→ Exercise objective
In the entries below, find the line with "Size 7Y Preowned" and the line with "Studio M multicolor"; give again those lines and every line between them, exactly.

→ Study material
⟨

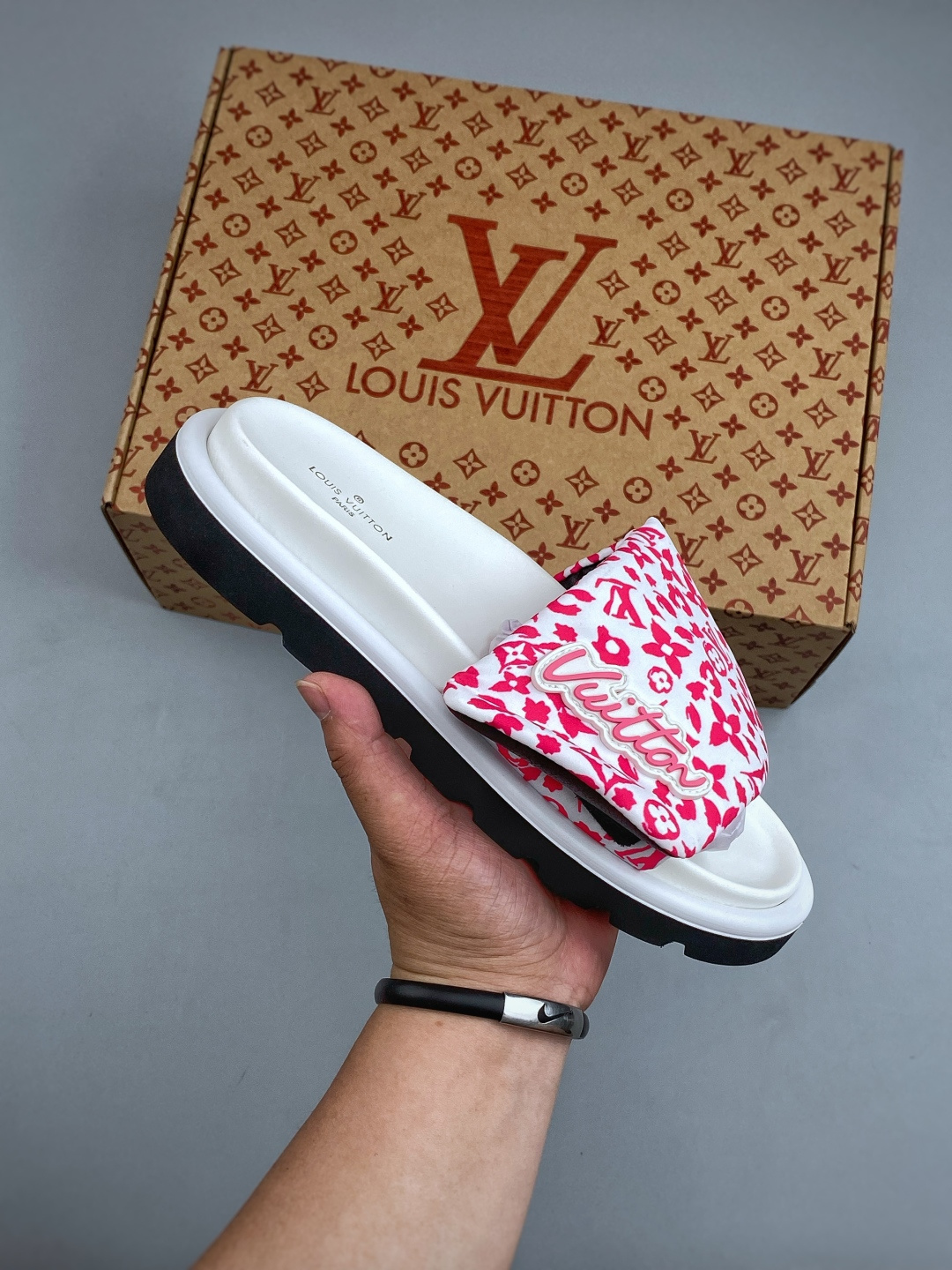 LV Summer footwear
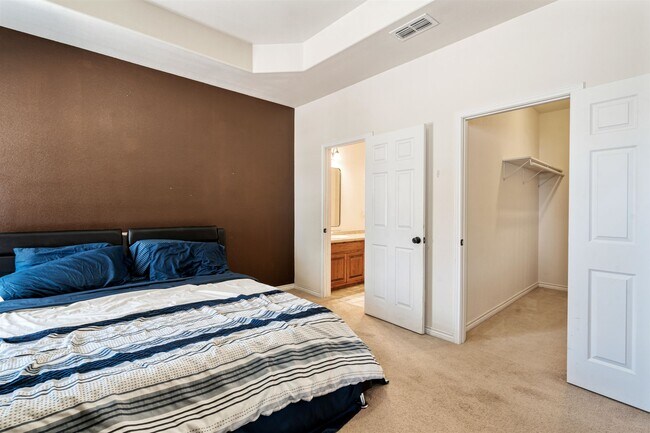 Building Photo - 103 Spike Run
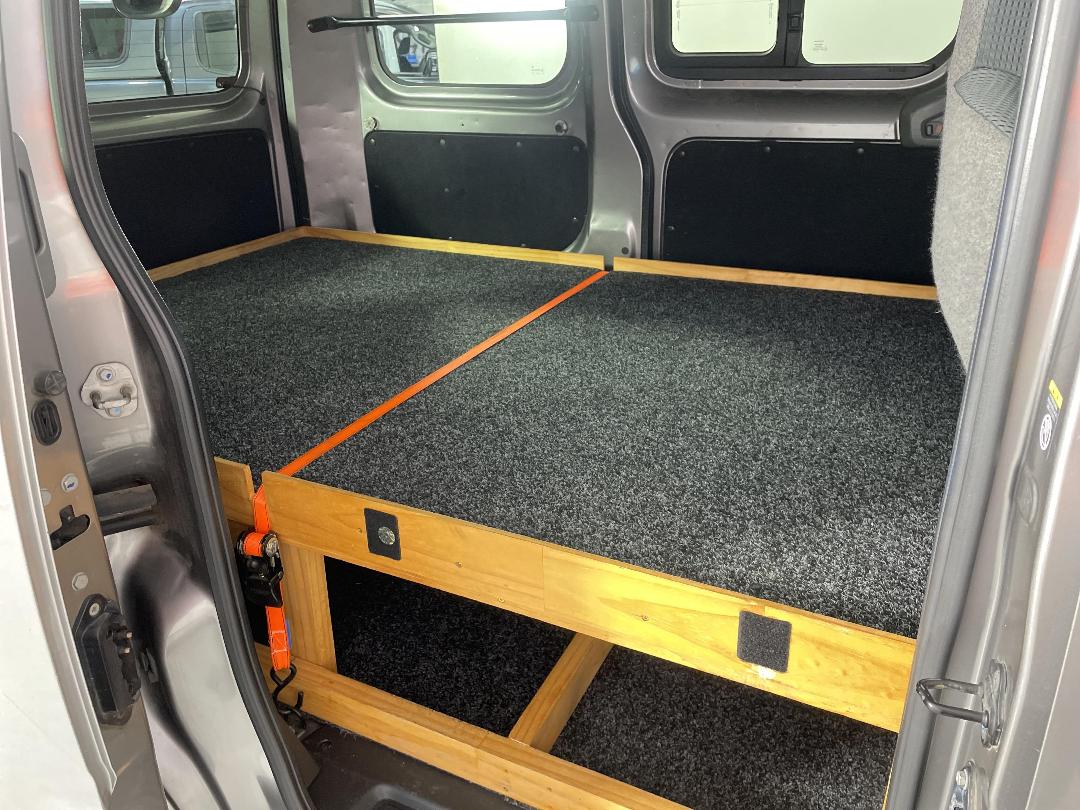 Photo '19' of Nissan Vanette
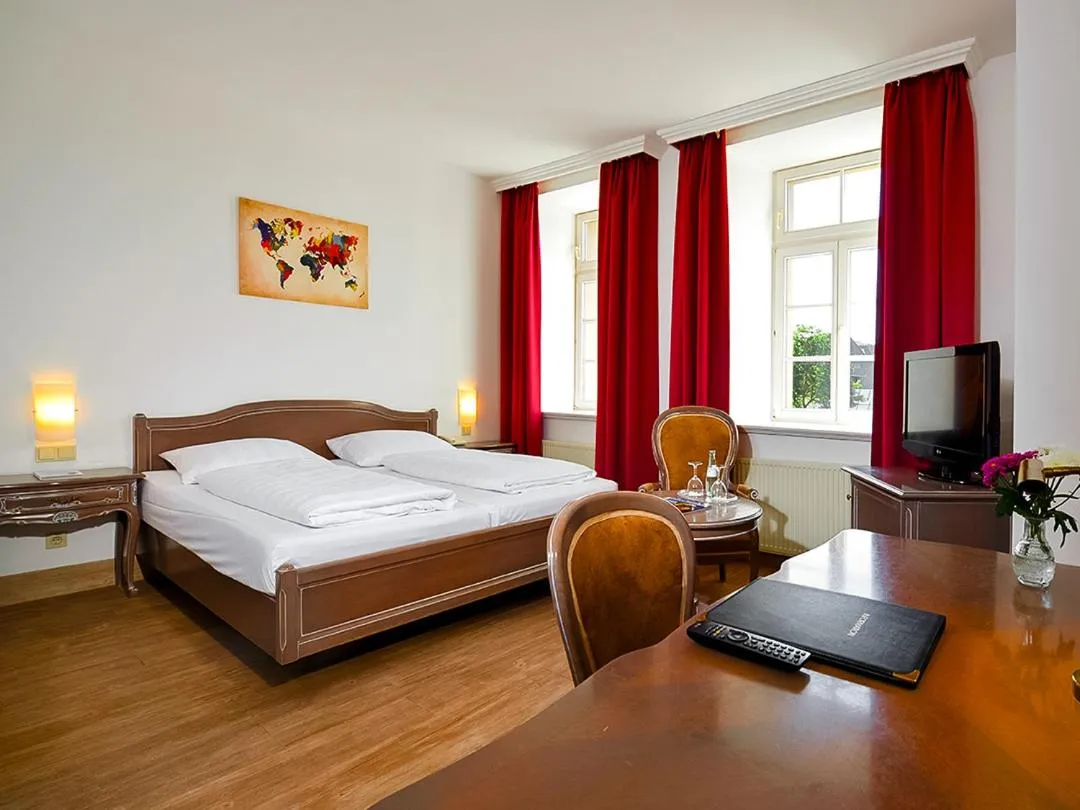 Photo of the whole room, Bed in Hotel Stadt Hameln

⟩
⟨

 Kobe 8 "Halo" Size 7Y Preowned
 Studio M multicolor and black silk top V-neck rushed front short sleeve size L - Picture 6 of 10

⟩

→ Exercise solution
 Kobe 8 "Halo" Size 7Y Preowned
 Studio M multicolor and black silk top V-neck rushed front short sleeve size L - Picture 6 of 10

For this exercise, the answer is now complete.